## Extracted entries
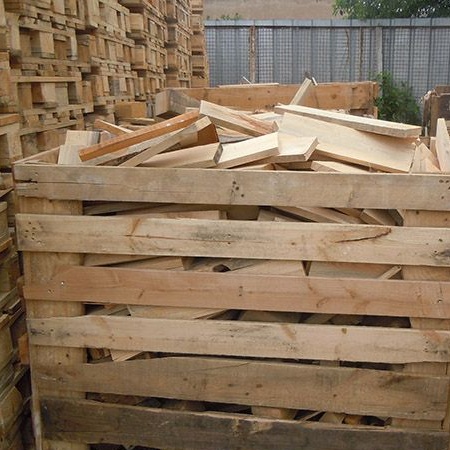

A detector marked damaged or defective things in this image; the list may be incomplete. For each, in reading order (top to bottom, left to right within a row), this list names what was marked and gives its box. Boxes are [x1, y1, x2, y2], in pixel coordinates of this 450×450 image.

broken wood plank [78, 111, 200, 162]
broken wood plank [200, 100, 274, 137]
broken wood plank [217, 134, 280, 171]
broken wood plank [274, 105, 422, 138]
broken wood plank [24, 266, 450, 318]
broken wood plank [29, 314, 450, 364]
broken wood plank [33, 356, 448, 420]
broken wood plank [40, 400, 448, 448]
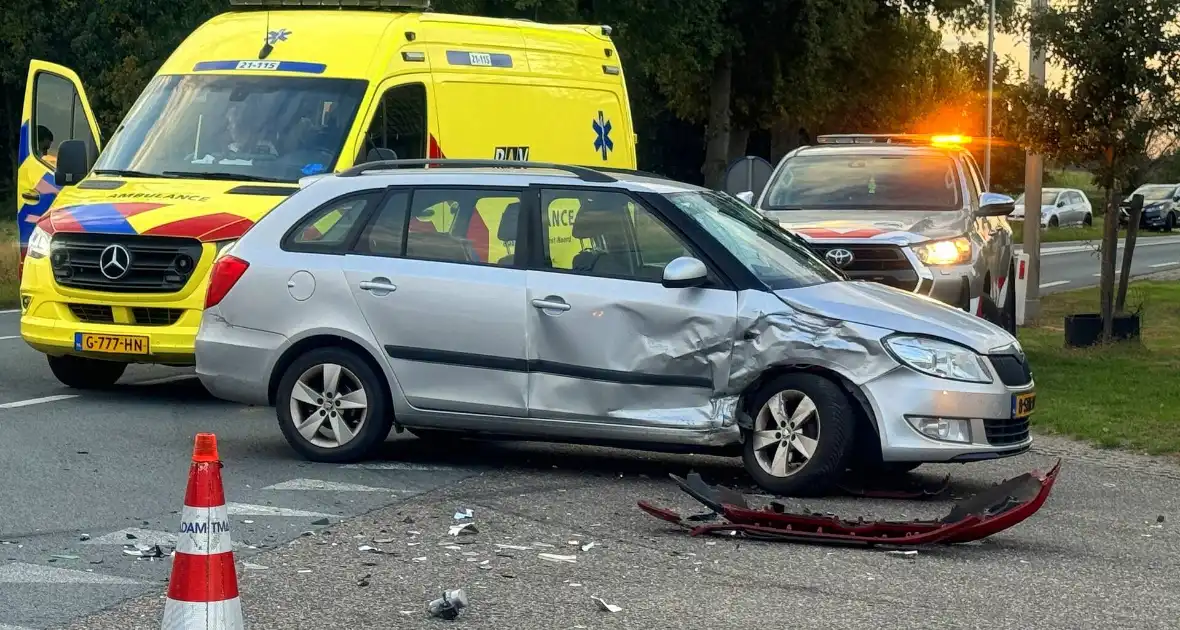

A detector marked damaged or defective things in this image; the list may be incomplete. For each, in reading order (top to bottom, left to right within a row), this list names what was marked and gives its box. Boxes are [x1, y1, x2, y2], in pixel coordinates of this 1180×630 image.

damaged silver hatchback [199, 160, 1040, 496]
broken car debris [644, 464, 1072, 548]
shattered plastic fragment [430, 588, 472, 624]
shattered plastic fragment [592, 600, 628, 616]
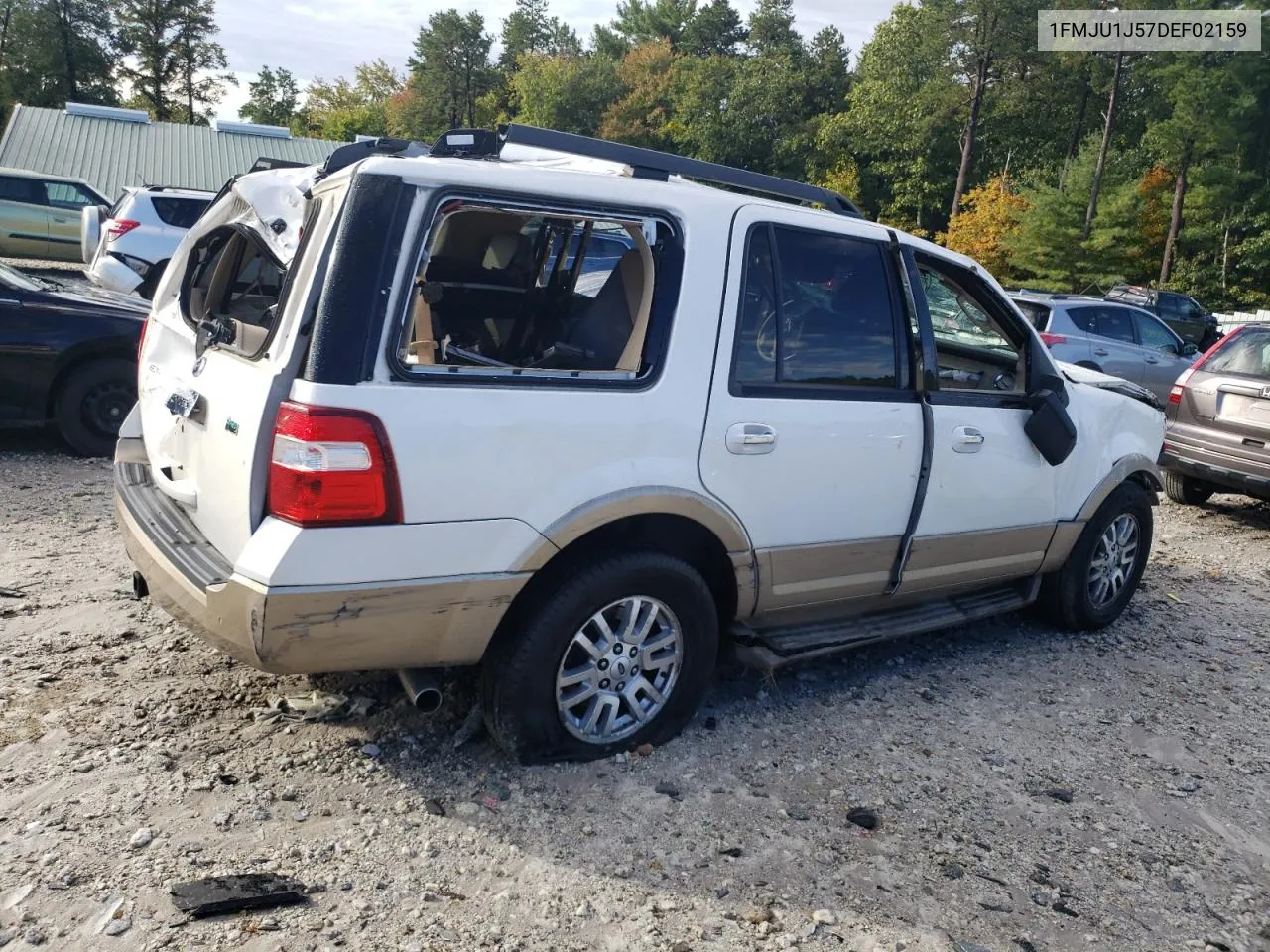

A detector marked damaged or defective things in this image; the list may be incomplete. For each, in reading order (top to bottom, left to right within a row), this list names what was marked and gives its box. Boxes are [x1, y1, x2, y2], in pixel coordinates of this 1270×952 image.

wrecked white suv [114, 128, 1167, 766]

## Exercise instructions
Return the lines beginning at the one that contains "this 1270×952 image." and continuing through the last line of the data, exactly as they stand and without any others.

## Solution
A detector marked damaged or defective things in this image; the list may be incomplete. For each, in reading order (top to bottom, left to right within a row), this list names what was marked and gives its box. Boxes are [x1, y1, x2, y2], in pixel coordinates of this 1270×952 image.

wrecked white suv [114, 128, 1167, 766]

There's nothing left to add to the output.